O acordo foi divulgado pelo primeiro-ministro da Papuásia-Nova Guiné, Peter O’Neill, depois de um encontro com Peter Dutton esta quarta-feira em Port Moresby. “É importante que este processo não seja apressado, mas levado a cabo de uma forma cuidadosa. É preciso ter em conta os interesses das pessoas da Papuásia-Nova Guiné e o bem-estar dos requerentes de asilo e refugiados”, disse O’Neill.
Ainda esta quarta-feira um discurso do primeiro-ministro australiano, Malcolm Turnbull, foi interrompido por manifestantes que pediam o fecho dos centros de Manus e Nauru.
Apesar de grande parte das embarcações de imigrantes que se dirigem à Austrália serem provenientes da Indonésia, são sobretudo membros da minoria Rohingya — cuja perseguição na Birmânia é reconhecida pela ONU — que as enchem. Mas Canberra mantém a sua recusa em aceitar refugiados que tenham chegado à Indonésia após Junho de 2014, apesar dos vários apelos lançados por Bali.
A estratégia de combate à “imigração irregular” na Austrália teve início em 2001, com a chamada “Solução do Pacífico”. Depois de intensa pressão das organizações de defesa dos direitos humanos e do próprio Alto-Comissariado das Nações Unidas para os Refugiados, em 2008 o programa acabou por ser abandonado e os centros de detenção encerrados.
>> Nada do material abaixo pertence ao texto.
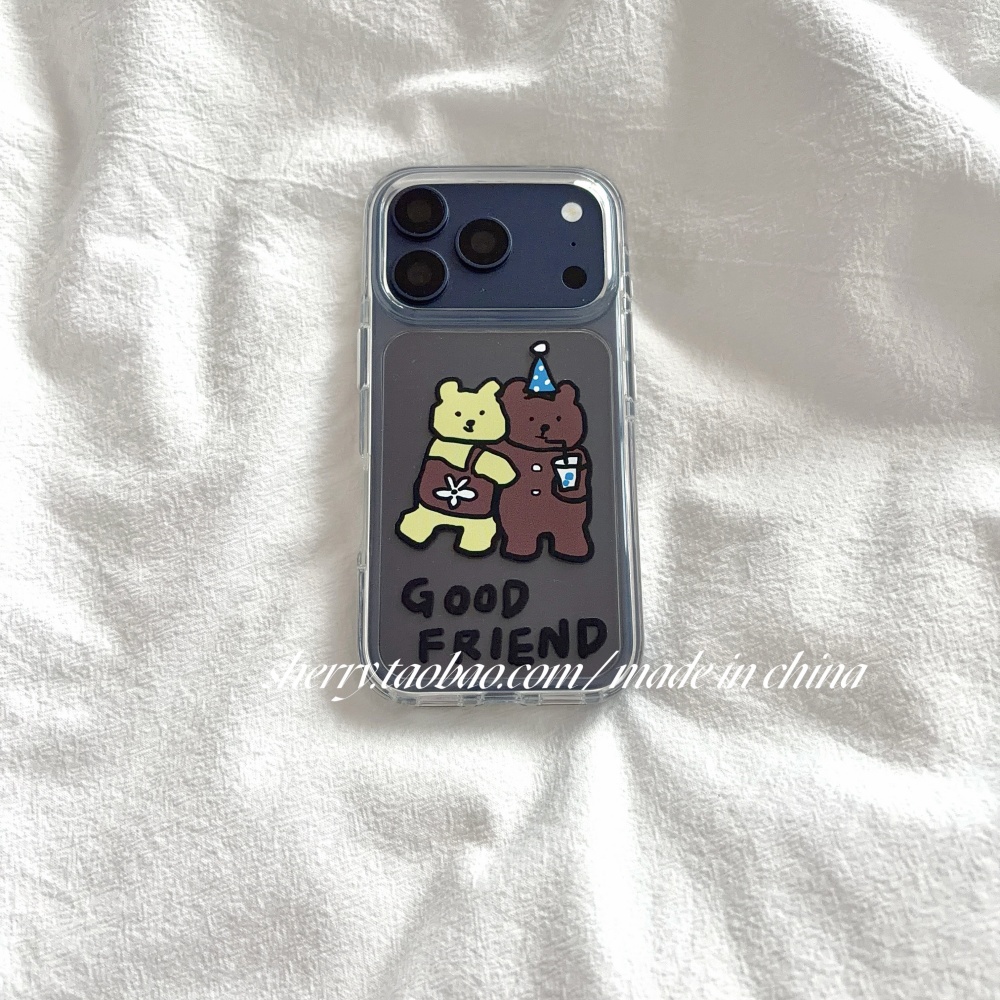 Korean Ins Cute Yellow & Brown - Yellow Phone Accessories recension och pris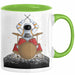 Drummer Schlagzeug-Spieler Geschenk Tasse Geschenkidee Kaffee-Becher Schlagzeuger Mond Grafik Grün Trendation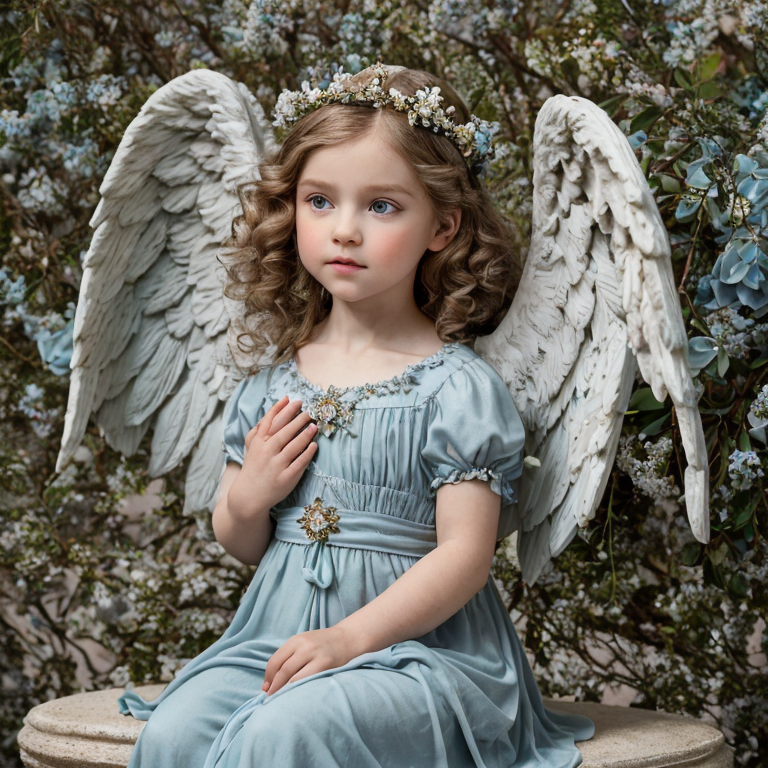 cherubic angel renaissance style pensive expression by Free AI Image Generator & Maker - No login required✨ | AIGAZOU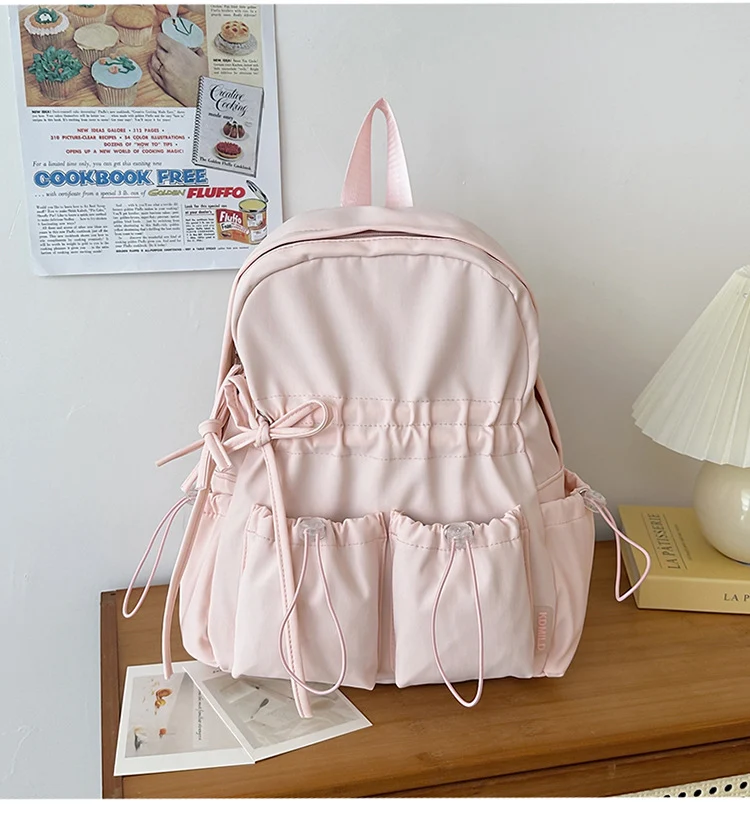 Funktionaler Kordelzug-Schulrucksack mit Organizer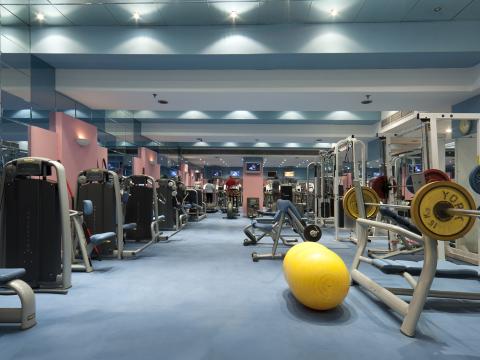 Large gym at the Sonesta Hotel, Tower & Casino - Cairo.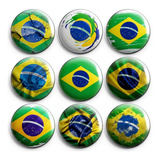 Botton Bandeira Do Brasil - Kit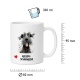 Tasse »Riesenschnauzer Herz«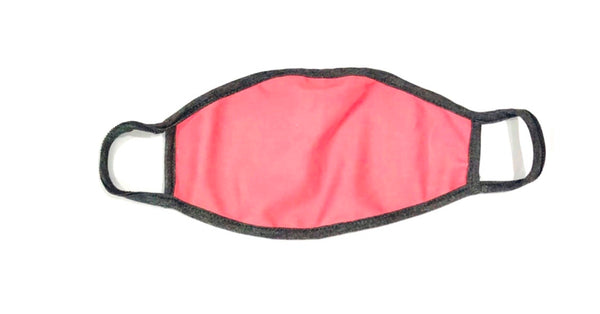 Cloth Face Mask Pastel Pink - Gray Strap -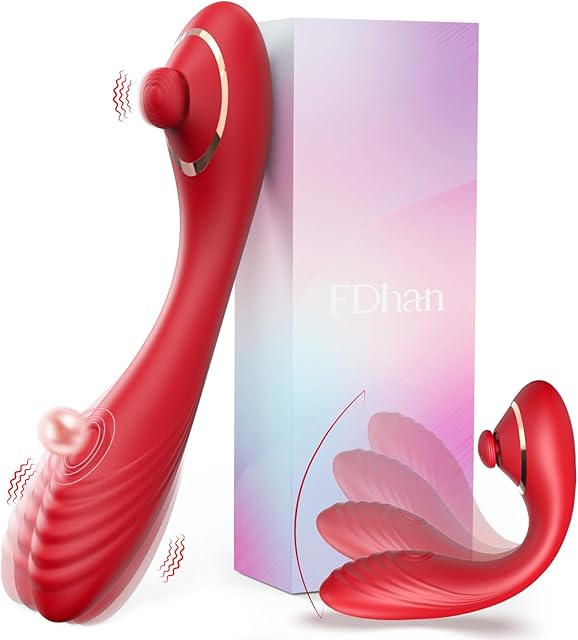 G Spot Vibrator Women Sex Toys, 3 in 1 Flexible Adult Sex Toys Clitoral Stimulator with 5 Tapping & 7 Vibration & 7 Flapping, Wearable Female Flapping Vibrator for Women Couple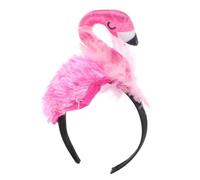 Angoily Lovely Flamingo Cosplay Headband for Creative Hawaiian Party Hair Hoop Adorable Cartoon Hair Decor and Comfortable Photo Prop for Birthday and Carnival Celebrations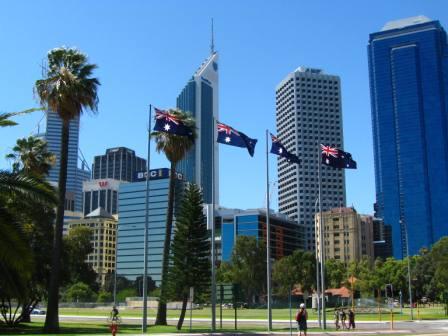 Skyline von Perth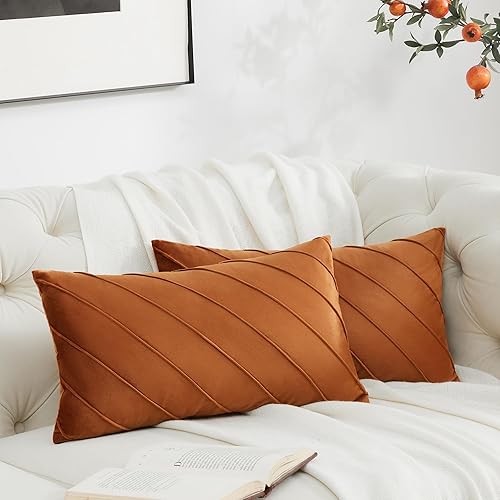 Vista 134 de GIGIZAZA Juego de 2 fundas decorativas de terciopelo de 18 x 18 pulgadas, fundas de almohada cuadradas de color verde azulado para sofá, fundas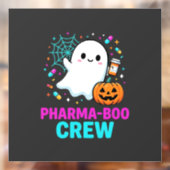 Apotheker Halloween Pharma-Boo Crew Spookontwerp_ Raamsticker (Vel 2)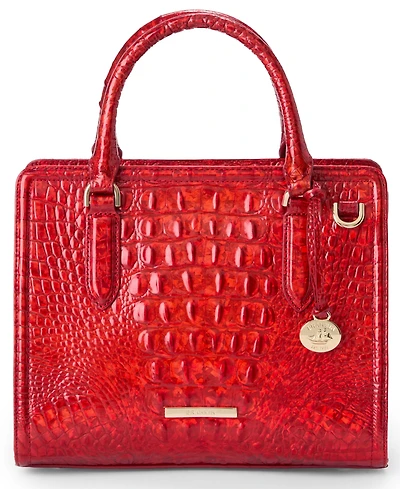 Brahmin Cami Melbourne Small Mellow Rose Leather Satchel Bag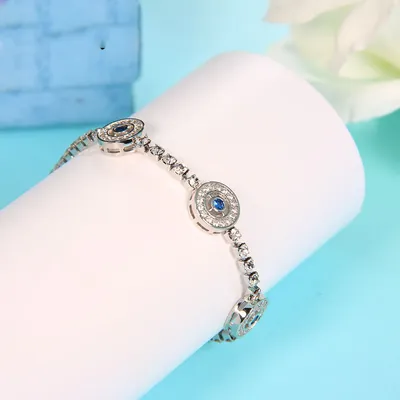 Light luxury micro-inlaid zircon bracelet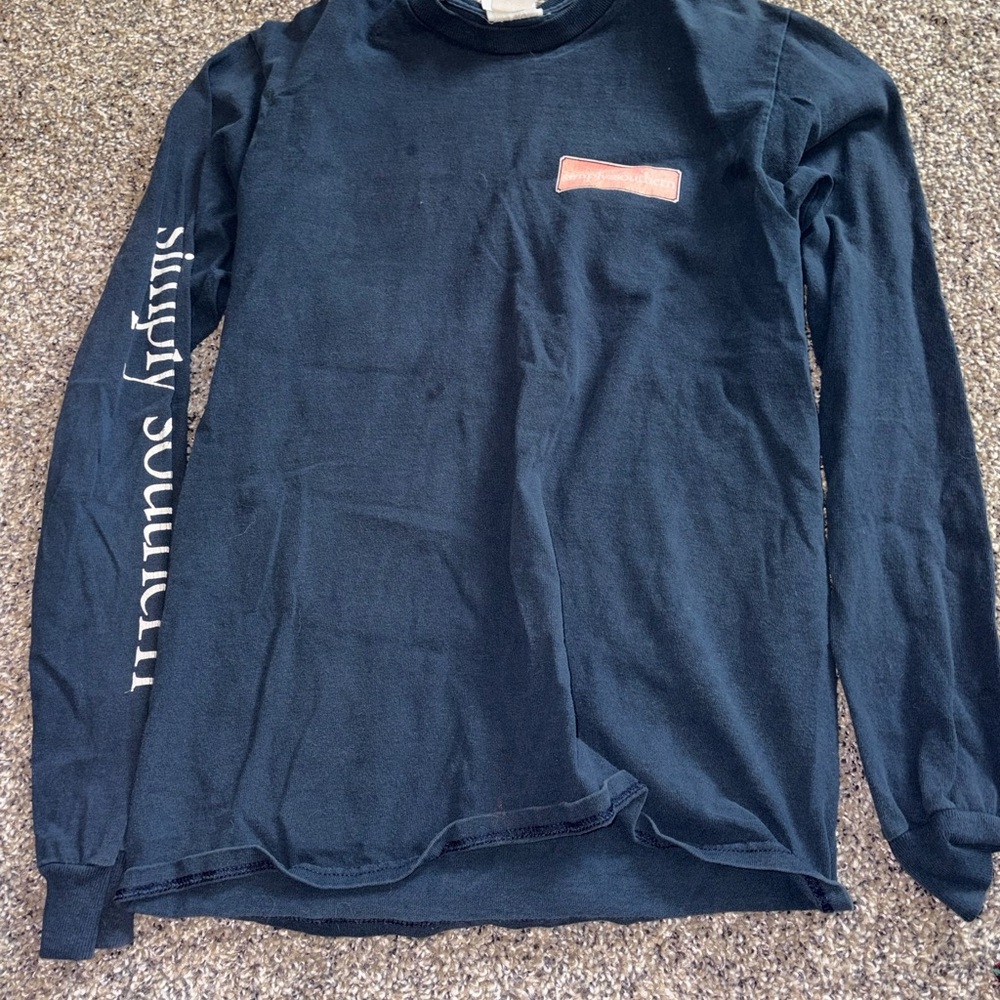 Simply Southern Black Long Sleeve Tee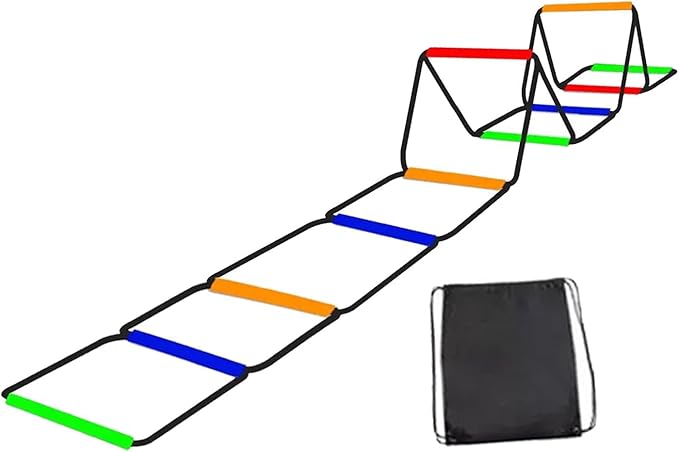 Agility Ladder Speed Ladder Foldable Workout Rugby Multifunction Home Gym Agility Training Equipment Fitness Feet Training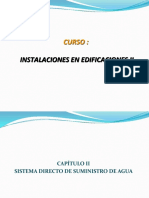 Sistema Directo de Suministro de Agua (Instalaciones en Edificaciones Ii) PDF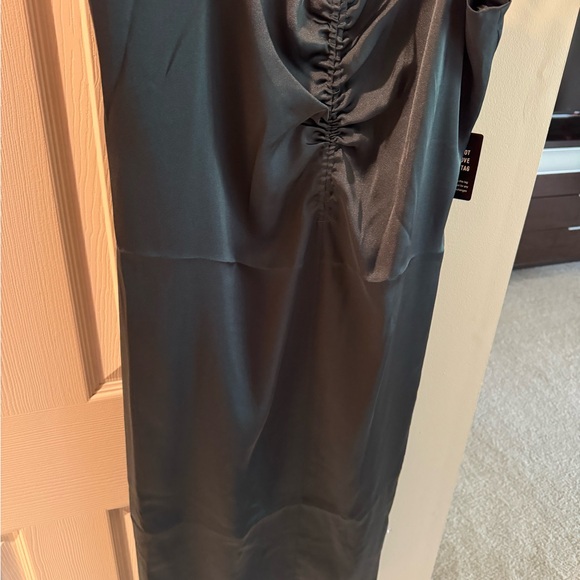 NWT Express Green Midi Slip Dress Size M - Picture 4 of 7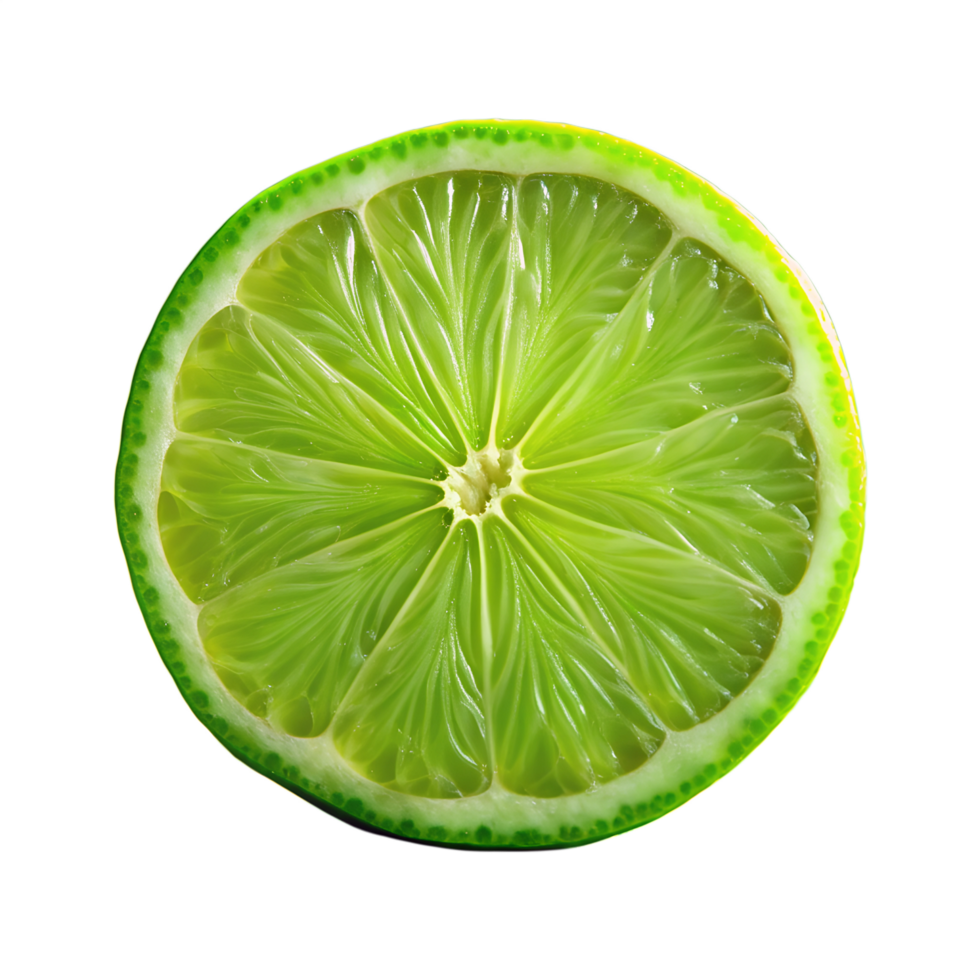 Refreshing Lime Slice Isolated on Transparent Background png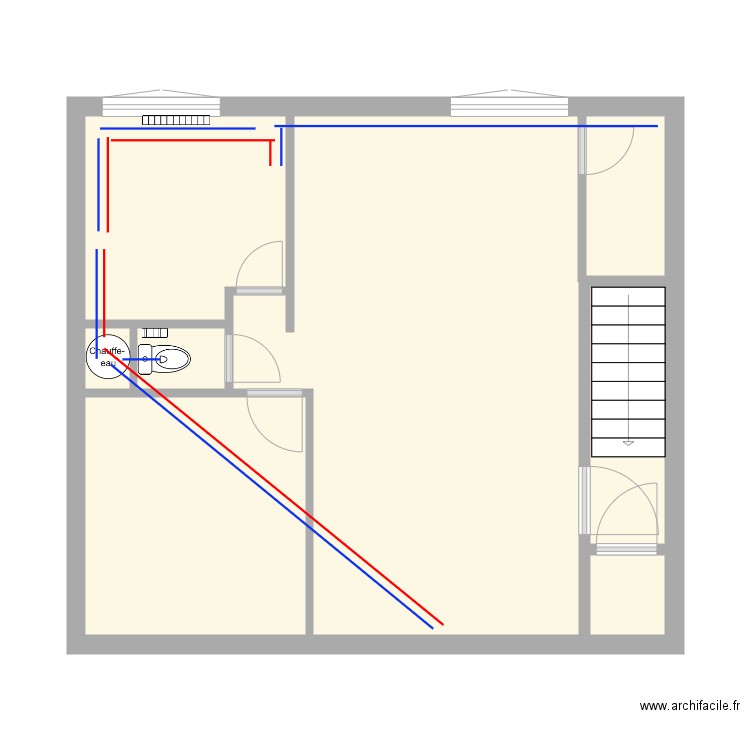  SCI des Amours1 Plomberie. Plan de 0 pièce et 0 m2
Mas quatro anos depois, a política de envio de requerentes de asilo para centros nas ilhas do Pacífico foi ressuscitada.
Segundo o Governo de Canberra, o objectivo da sua política restritiva de imigração é desencorajar os traficantes de pessoas que lucram com o transporte de refugiados.
“Esta não é uma questão política intensa e tóxica neste país. Temos um Governo e uma oposição unidas para ver quem consegue ser mais duro ou cruel”, dizia em Abril à Al-Jazira Pamela Curr, do Centro de Recursos para Requerentes de Asilo.